O Projeto de Lei 3.723/2019 propõe alterações no Estatuto do Desarmamento, no Código Penal, na Lei de Segurança Bancária e na Lei de Segurança Nacional. Já aprovado na Câmara dos Deputados e tramitando em regime de urgência no Senado Federal, o PL pretende revogar o art. 23 do Estatuto do Desarmamento, que prevê expedição de autorizações somente da compra de munição para órgãos de segurança e para as Forças Armadas, com identificação do lote e do adquirente no culote dos projéteis.

O texto cita casos que foram desvendados justamente por causa da identificação nos projéteis.
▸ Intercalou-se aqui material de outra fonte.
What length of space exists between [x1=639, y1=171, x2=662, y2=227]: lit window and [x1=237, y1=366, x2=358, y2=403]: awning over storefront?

Entre eles, estão assaltos a bancos e agências dos Correios, com uso de armamento pesado; o assassinato da juíza Patrícia Accioly, em 2011, morta por policiais militares ligados a milícias e grupos de extermínio; e o assassinato da vereadora Marielle Franco e do motorista Anderson Gomes, mortos em 2018.

Mecanismos de controle – Para mostrar a importância dos mecanismos de controle, identificação e rastreabilidade de munições no país, a nota técnica detalha extenso trabalho desenvolvido pelo MPF na temática, no estado da Paraíba. Durante a investigação de um assalto a agência dos Correios, o MPF descobriu que a munição utilizada havia sido vendida à Polícia Federal. O lote, no entanto, contava com nada menos que 2,4 milhões de projéteis, e o desvio de parte dessas cápsulas era investigado por mais de 50 inquéritos policiais diferentes. Apesar de possuir sistema informatizado, a Polícia Federal informou ser impossível saber a quem foram distribuídas as balas, por conta do tamanho do lote.
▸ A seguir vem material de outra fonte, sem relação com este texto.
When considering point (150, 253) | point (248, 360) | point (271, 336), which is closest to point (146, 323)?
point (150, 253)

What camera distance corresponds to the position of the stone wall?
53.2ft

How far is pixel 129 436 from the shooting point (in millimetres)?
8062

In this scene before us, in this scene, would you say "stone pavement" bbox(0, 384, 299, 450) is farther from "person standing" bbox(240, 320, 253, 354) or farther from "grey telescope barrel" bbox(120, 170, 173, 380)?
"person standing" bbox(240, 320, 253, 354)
No curso do inquérito, o MPF oficiou a todos os estados e descobriu que apenas quatro dispunham de sistemas informatizados para controle e rastreamento de compra e distribuição de munição, de acordo com os padrões fixados pela Organização das Nações Unidas (ONU). Dez estados ainda fazem o controle de munições de forma manual, por meio de documentos e procedimentos administrativos não informatizados e imprecisos, enquanto os outros utilizam sistemas informatizados, mas com informações incompletas e parciais.
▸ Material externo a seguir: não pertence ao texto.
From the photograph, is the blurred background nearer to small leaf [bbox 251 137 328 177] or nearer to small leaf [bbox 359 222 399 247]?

A apuração motivou recomendação enviada ao Comando Logístico do Exército Brasileiro, indicando providências para aperfeiçoar a marcação, fiscalização, controle e rastreabilidade de munições no Brasil. O documento pediu, por exemplo, a atualização da portaria que permite lotes de até 10 mil cartuchos para pessoas jurídicas, quantidade grande demais para assegurar a rastreabilidade eficiente. A recomendação foi acatada pelo Exército, que informou estar trabalhando em norma administrativa específica para o tema. A Secretaria Nacional de Segurança Pública (Senasp), órgão do Ministério da Justiça, também se comprometeu a criar comissão para propor melhorias na legislação que regulamenta a marcação de cartuchos de munição em vigor no país.

Segundo a nota técnica, a própria resposta do Exército e da Senasp à recomendação indica a importância de se manter a identificação dos cartuchos utilizados pelas forças de segurança. O texto cita também o Sistema Único de Segurança Pública (Susp), criado em 2018 para integrar o trabalho dos órgãos de segurança pública no país. O MPF defende que, nesse contexto de cooperação trazido pelo Susp, a rastreabilidade de munições é uma ferramenta essencial para realizar conexões entre crimes ocorridos em diferentes unidades da federação, bem como para permitir o compartilhamento de informações e dados entre os órgãos de segurança pública. Isso possibilita “operações com planejamento e execução integrados, abandonando a ideia de métodos artesanais e voluntaristas”.

“Não há como avançar em política de segurança pública eficiente sem passar pelo aperfeiçoamento do modelo de controle e rastreabilidade de munições, adequando-o aos novos tempos, no sentido da imprescindibilidade de delimitar o quantitativo de artefatos por lote e rastreá-las em todo o seu ciclo de vida útil”, conclui o texto.